Panel builder/integrator cuts install time; improves efficiency

BDI identified two prime areas to improve the panel integration process: reduce installation time and decrease labor costs. Because the end-users’ panel requirements constantly change, BDI needed to build panels that easily accommodated upgrades.

By Plant Engineering Staff May 6, 2005

Indiana-based BDI Engineering, Inc. offers electrical panel construction, installation, and startup services for process control, industrial refrigeration, power management, and food processing applications. Founded in 1998, BDI started as a simple panel-build shop that has today expanded into a turnkey solutions provider capable of designing complex panels for clients such as 3M, Coca-Cola, Dean Foods, Ford Motor Company, General Motors, Johnson & Johnson, Nestle, and PepsiCo.

“The integrated expertise of industrial, electrical, and mechanical engineering professionals enables us to zero in on the complete solution to a given problem,” said Brad Johnson, president and founder, BDI. “Having this capability allows our customers to deal with one small company for any control project, knowing that we have years of experience in the associated field of need.”

Rising installation time and cost

To compete with larger, more established system integrators, BDI needs to outperform its competitors in cost, quality, and delivery time. The traditional approach to building panels was inefficient for BDI, particularly when it mounted and wired the components into the panel. As panels became more complex, the installation time increased, resulting in higher labor costs.

Because traditional wiring of panels was inefficient and relied heavily on the expertise of engineers, it often resulted in wiring errors that affected delivery schedules. Panel upgrades and maintenance also were costly and time consuming. Often, the machines were required to shut down for an extensive amount of time for a simple upgrade or routine maintenance, resulting in lost productivity. Additionally, it was difficult to find local service and support for hard-wired panels. And, because BDI works on a deadline-driven schedule, the specified components and documentation needed to be delivered on time consistently.

BDI identified two prime areas to improve the panel integration process: reduce installation time and decrease labor costs. Because the end-users’ panel requirements constantly change, BDI needed to build panels that easily accommodated upgrades.

BDI’s solutions

BDI selected Rockwell Automation and its Allen-Bradley distributor, Wabash Electric, to provide a portfolio of panel products. One of these products was the Bulletin 141A MCS mounting system, a part of an Allen-Bradley Modular Control System (MCS) busbar mounting system. This system offered BDI the advantages it was looking for over traditional mounting approaches, including:

  • Installation — The system that BDI implemented almost eliminates the need for drilling and tapping holes because power distribution is reduced to a single feed for multiple automation components. Using pluggable modules, BDI can simply snap motor starters onto the busbar and wire only motor load connections.

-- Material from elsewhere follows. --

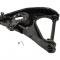 63-82 Front A-arm / Control Arm - Left Lower - Reconditioned
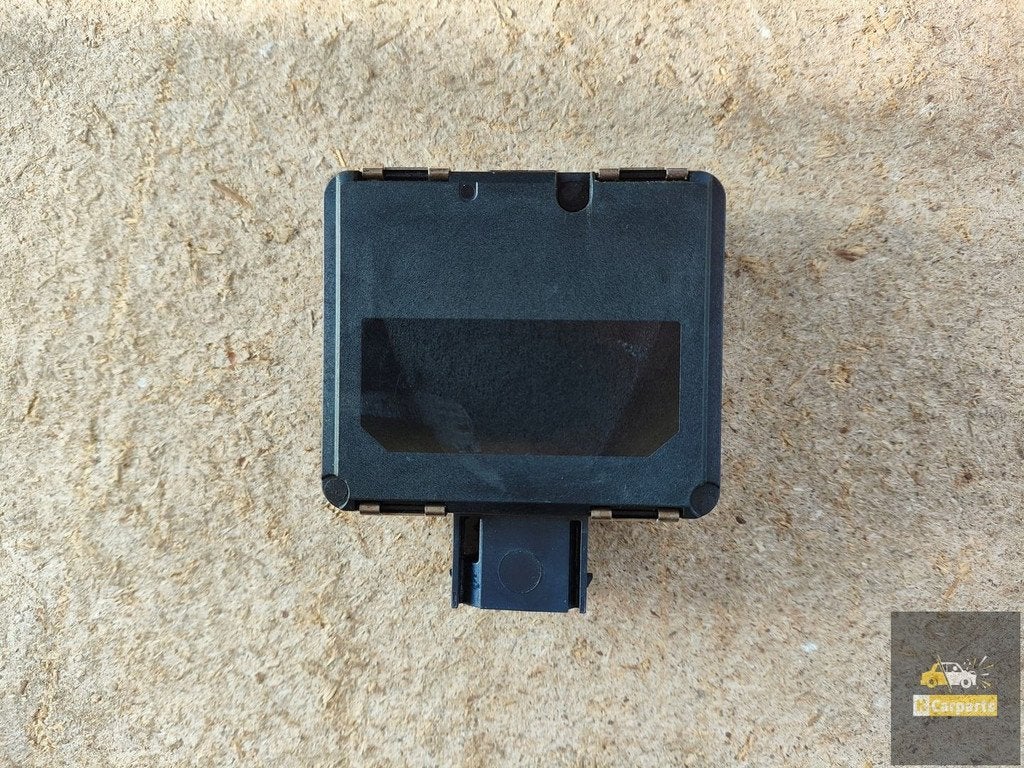 0203301096, ACCORD RADAR HONDA CIVIC X, Info@honda.co.jp, Utilisé, Minami-Aoyama 2-chome 1-1
107-8556  Tokyo, Honda Motor Co., Ltd.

  • Reliability — Using the mounting system, BDI has increased the reliability in its panels. The selected system offers superior reliability of busbar contacts, and it extends “Type 2” coordination to starters mounted onto the busbar.

  • Flexibility — In the past, maintenance and upgrades were difficult and time consuming. Now BDI is able to perform upgrades considerably faster than with the traditional, hard-wired mounting systems.

    • “When building a panel, the mounting system allows us to leave spare slots for future upgrades and expansions as needed,” Johnson said. “When a customer wants to expand or service a panel, we can simply snap in additional starters by isolating key areas through busbar-mounted isolation circuit breakers rather than disabling the entire system.”

      The mounting system also provides a clean and organized look because of reduced exposed wiring and a structured layout. To solve its system design challenges, BDI uses the MCS Star Configuration Software that allows BDI to efficiently configure the MCS Starters and lay out complete assemblies on the MCS Mounting System. The software performs engineering calculations to assure that the system is properly designed and warns users of potential design problems.


      Using the Allen-Bradley Modular Control System, BDI reduced its installation time by as much as 30% because the company no longer needs to assemble starters, drill or tap holes, mount components onto the DIN rail, or wire all components individually. With the selected products, starters are pre-wired and can be easily mounted onto the busbar. The mounting system does not require holes to be drilled for individual starters, which saves BDI valuable installation time and labor costs.

      BDI also noticed significant savings in panel space using the mounting system. The panels featuring busbar-mounting systems are more compact than traditional mounting arrangements as a direct result of reduced wiring.